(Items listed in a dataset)

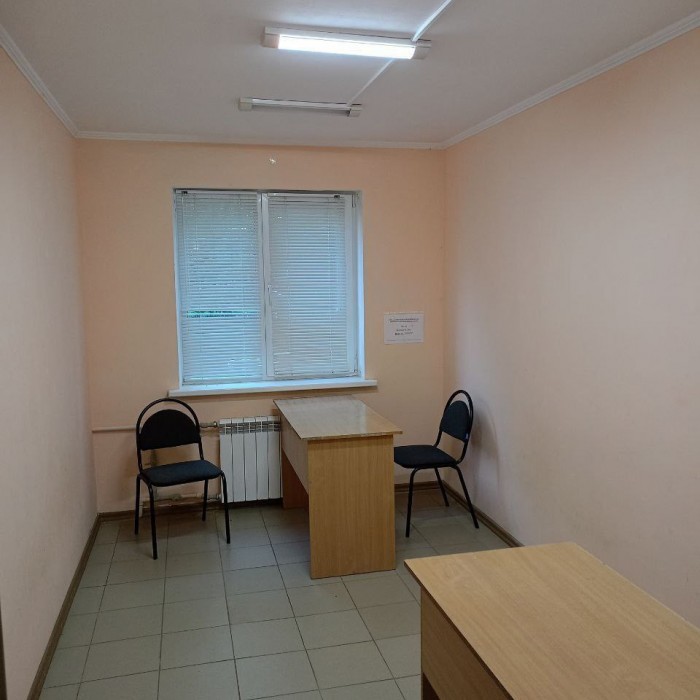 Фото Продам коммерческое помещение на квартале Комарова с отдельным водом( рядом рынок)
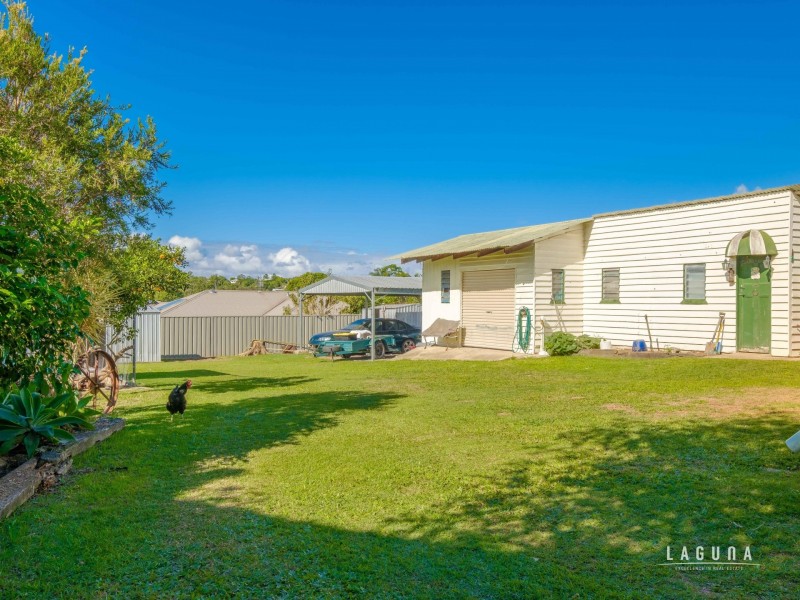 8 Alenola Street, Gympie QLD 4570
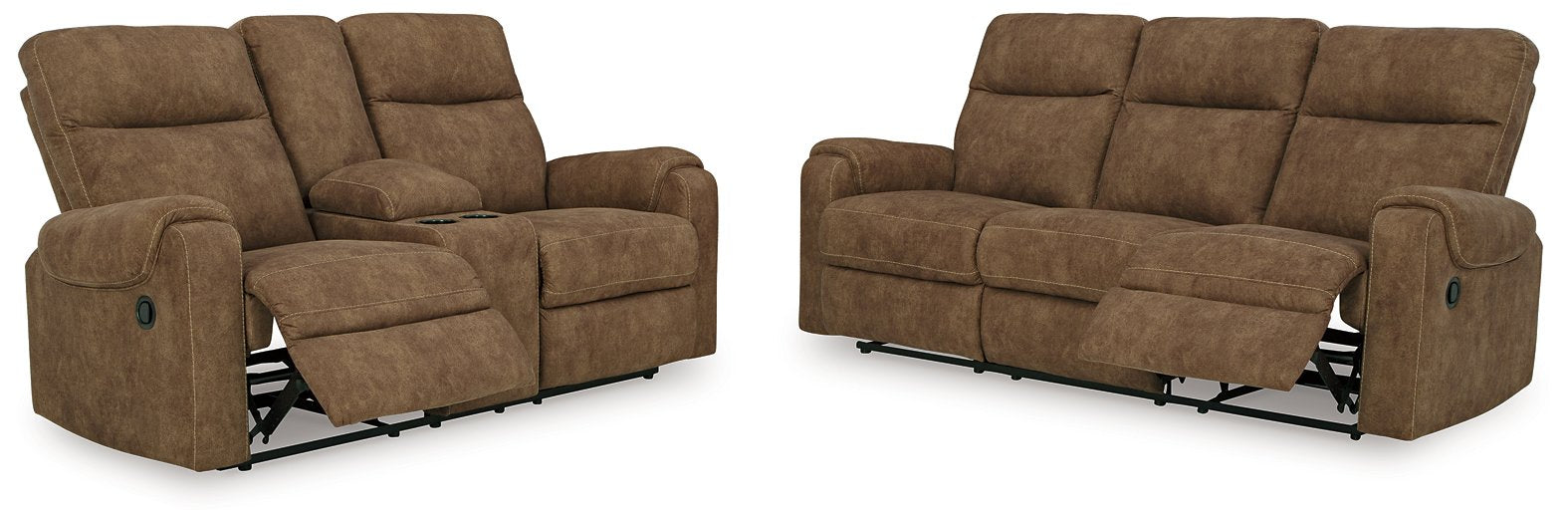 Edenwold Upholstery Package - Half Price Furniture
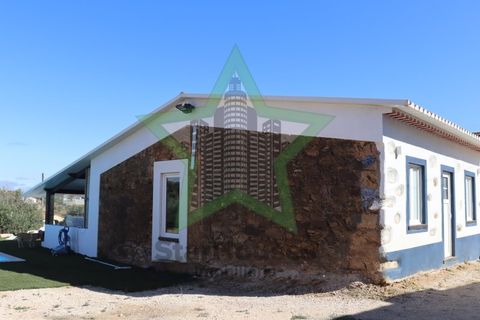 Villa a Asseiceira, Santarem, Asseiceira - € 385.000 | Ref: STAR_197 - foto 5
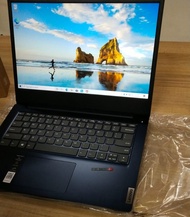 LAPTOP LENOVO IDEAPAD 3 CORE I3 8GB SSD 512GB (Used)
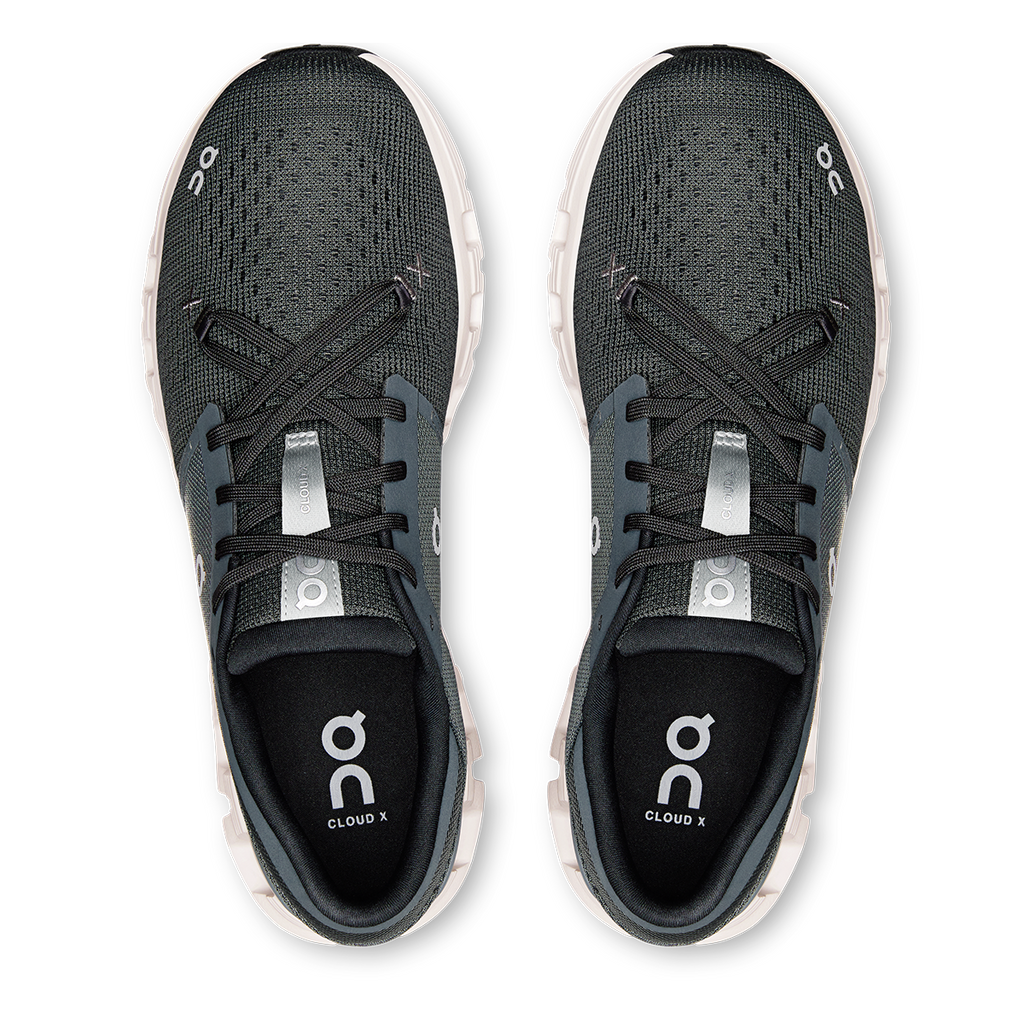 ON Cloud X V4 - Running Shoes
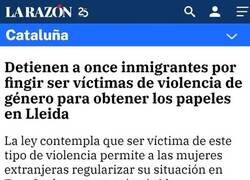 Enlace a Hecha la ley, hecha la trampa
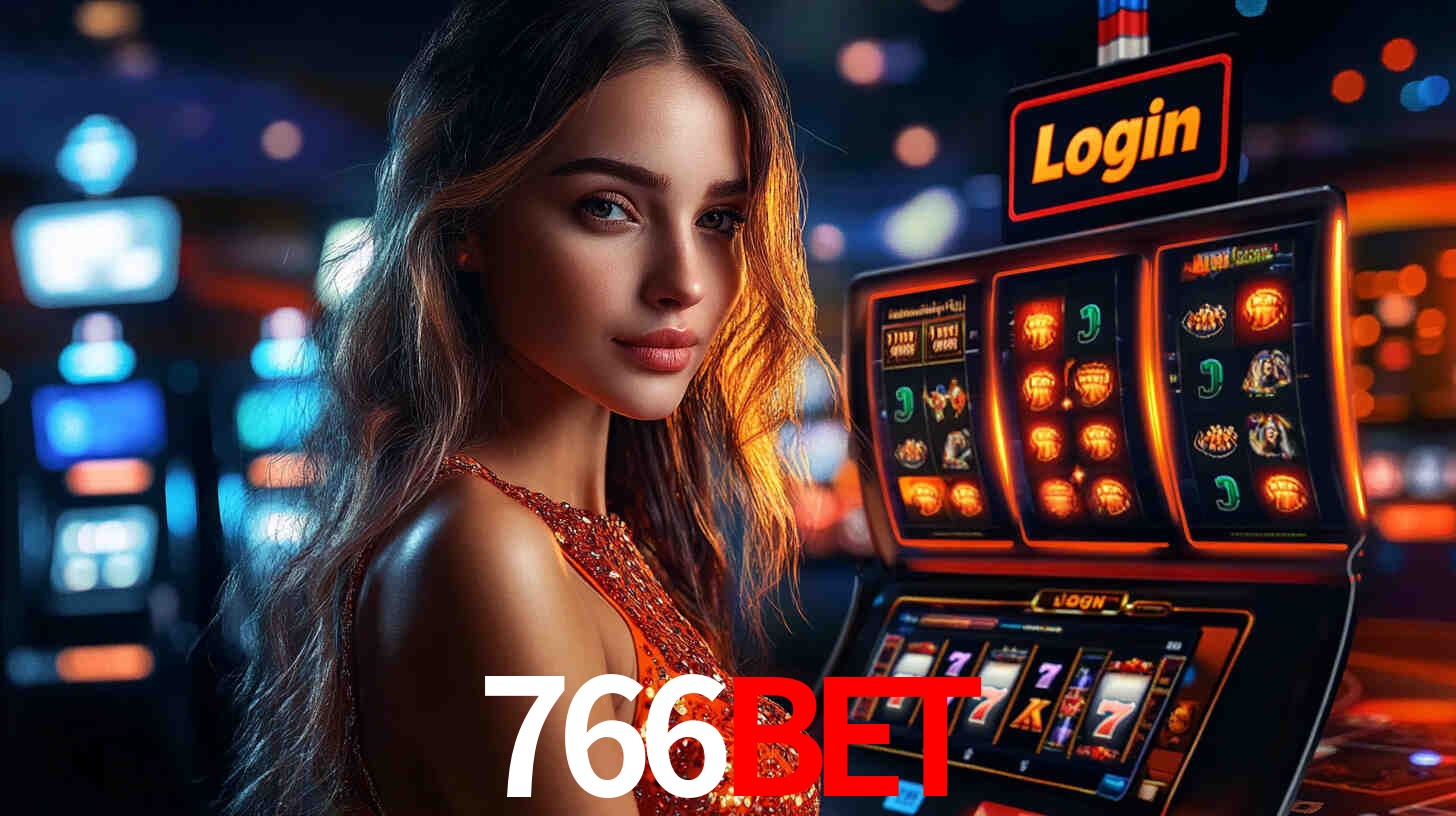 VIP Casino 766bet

> WORK ITEM: Exclude the images and reproduce the remaining data exactly.

> OUTPUT:
 Фото Продам коммерческое помещение на квартале Комарова с отдельным водом( рядом рынок)
 8 Alenola Street, Gympie QLD 4570
 Edenwold Upholstery Package - Half Price Furniture
 Villa a Asseiceira, Santarem, Asseiceira - € 385.000 | Ref: STAR_197 - foto 5
 LAPTOP LENOVO IDEAPAD 3 CORE I3 8GB SSD 512GB (Used)
 ON Cloud X V4 - Running Shoes
 Enlace a Hecha la ley, hecha la trampa
 VIP Casino 766bet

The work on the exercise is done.